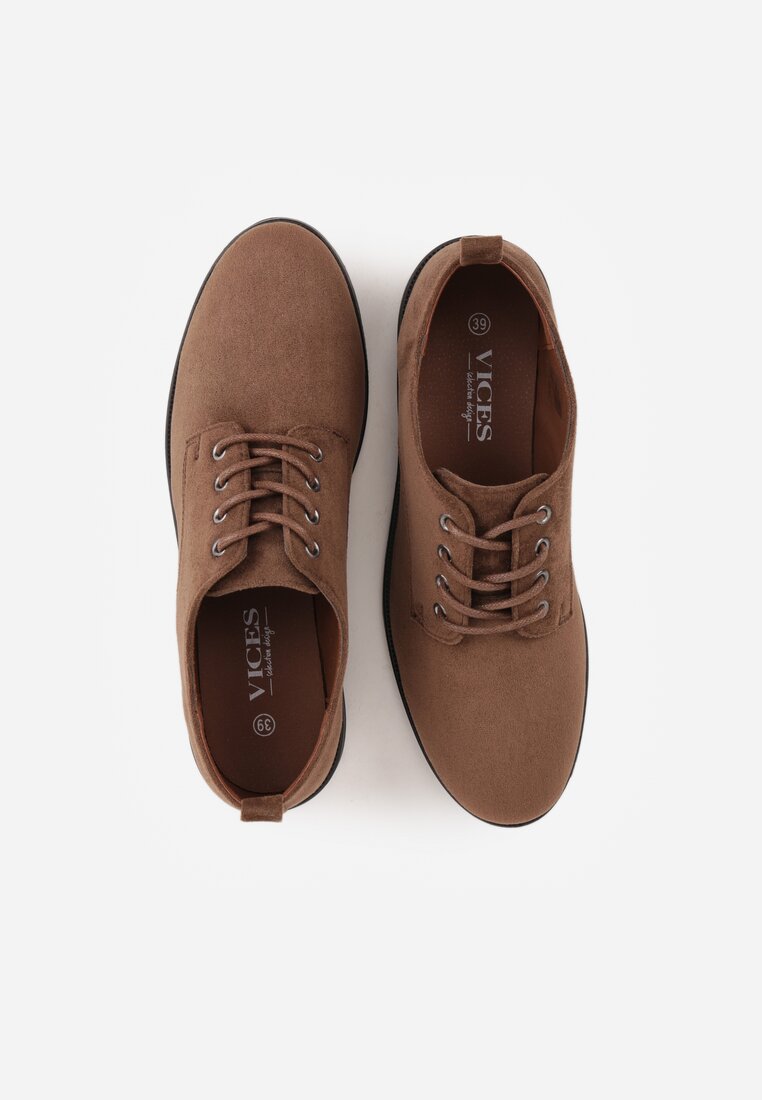 Brązowe Lakierowane Półbuty Oksfordki Sznurowane na Rzemyki Zatella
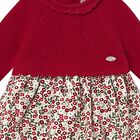 Baby Girls Red & White Floral Dress, 1, hi-res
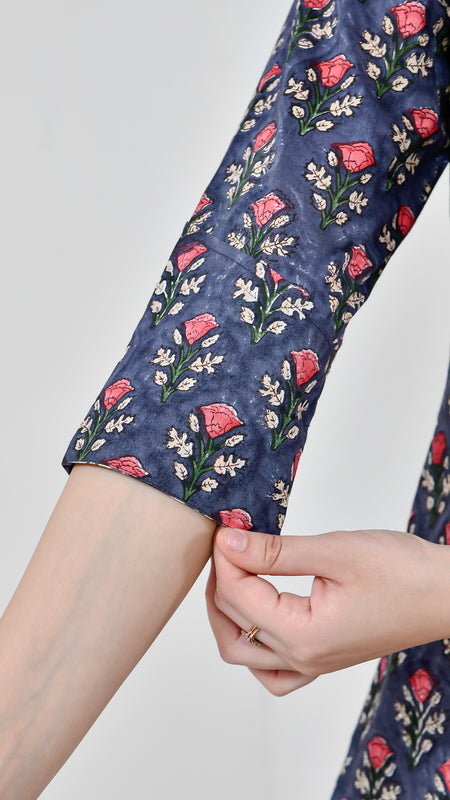 Midnight Garden Navy Blue Printed Cotton Co-ord Set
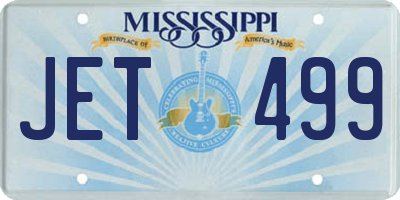 MS license plate JET499
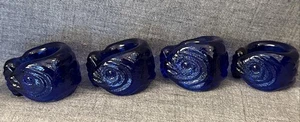 Cobalt Blue Glass Fish Napkin Rings Handblown Art Glass EUC - Picture 1 of 6
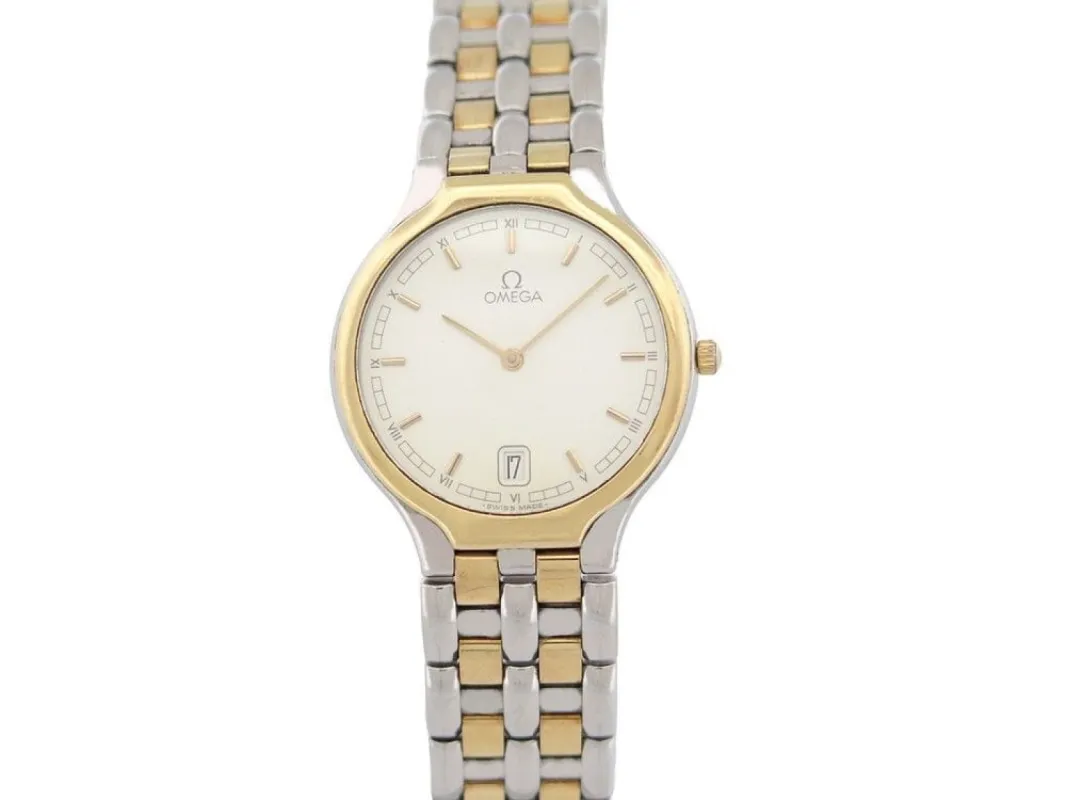 vintage montre OMEGA deville symbol quartz en or et acier made by 58 Facettes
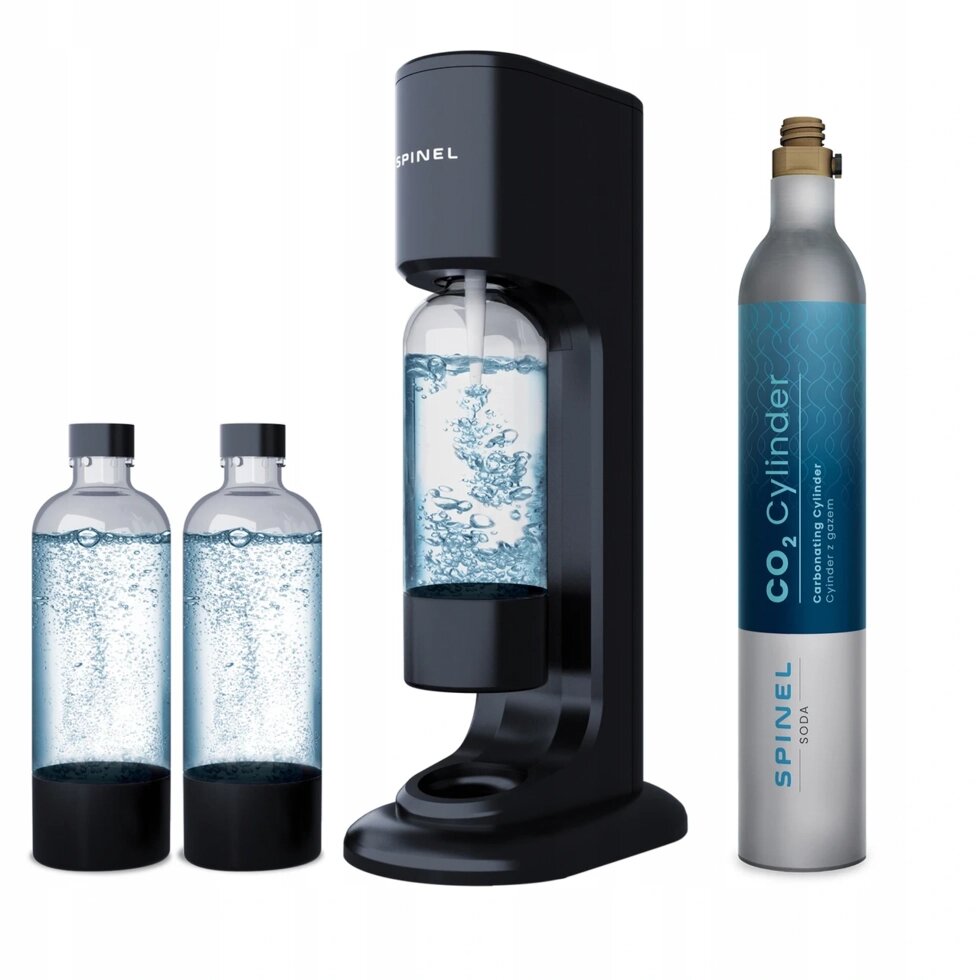 Стринна сода Saturator 2x Пляшка 1L CO2 Картридж Сумафон сифон для натрієвої води від компанії Euromarka - фото 1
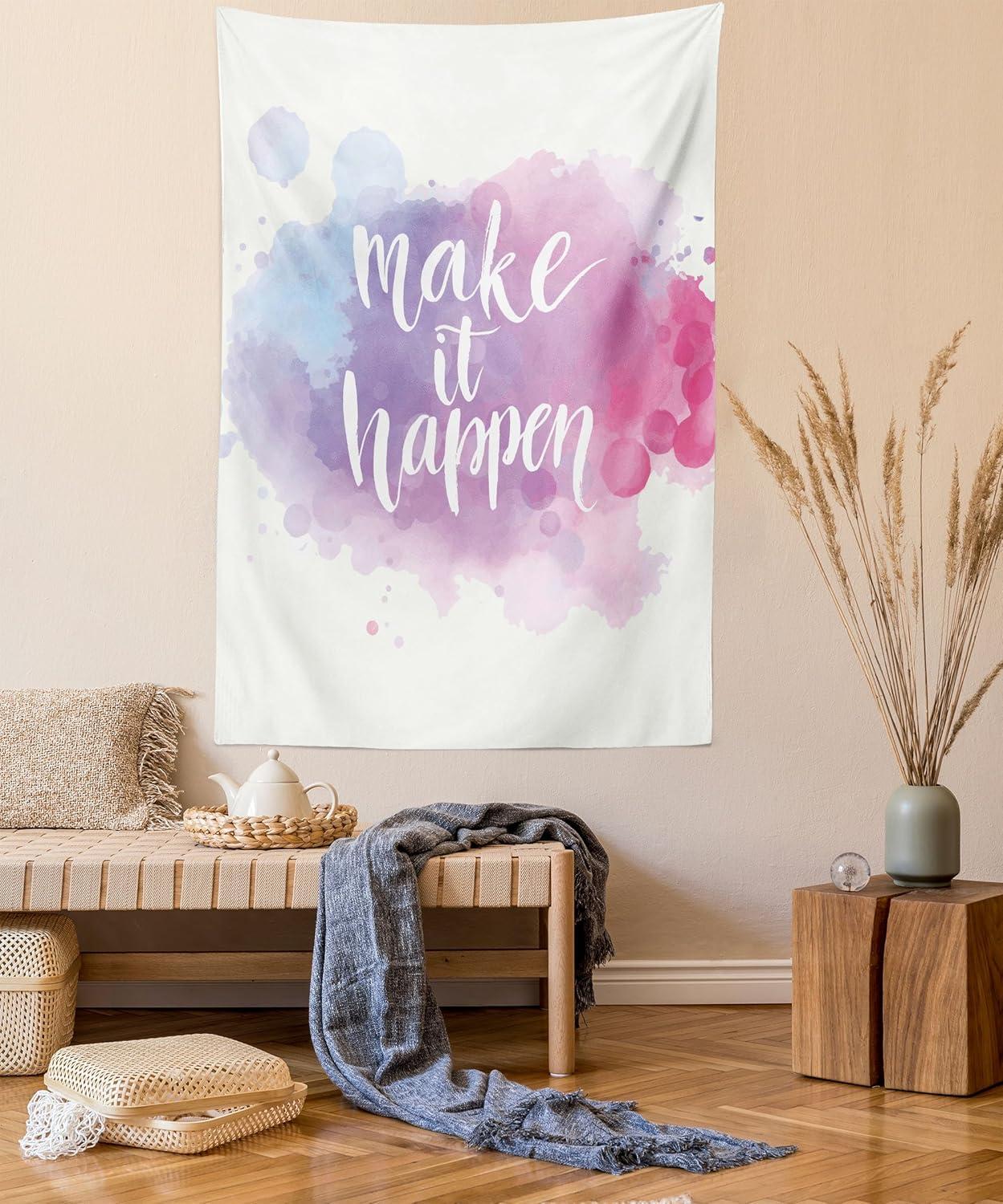 imageAmbesonne Rustic Tapestry Close Line of Poppy Petals Field Meadow Summer Holiday Sun Plant Floral Theme Wide Wall Hanging for Bedroom Living Room Dorm 60quot X 40quot Orange BrownBlue Fuchsia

§

Required work
Quote exactly, and only, the lines from the one containing "vintage montre OMEGA" through the last line of the records above, both included; leave out any pictures.

Task answer
 vintage montre OMEGA deville symbol quartz en or et acier made by 58 Facettes
 Стринна сода Saturator 2x Пляшка 1L CO2 Картридж Сумафон сифон для натрієвої води від компанії Euromarka - фото 1
 imageAmbesonne Rustic Tapestry Close Line of Poppy Petals Field Meadow Summer Holiday Sun Plant Floral Theme Wide Wall Hanging for Bedroom Living Room Dorm 60quot X 40quot Orange BrownBlue Fuchsia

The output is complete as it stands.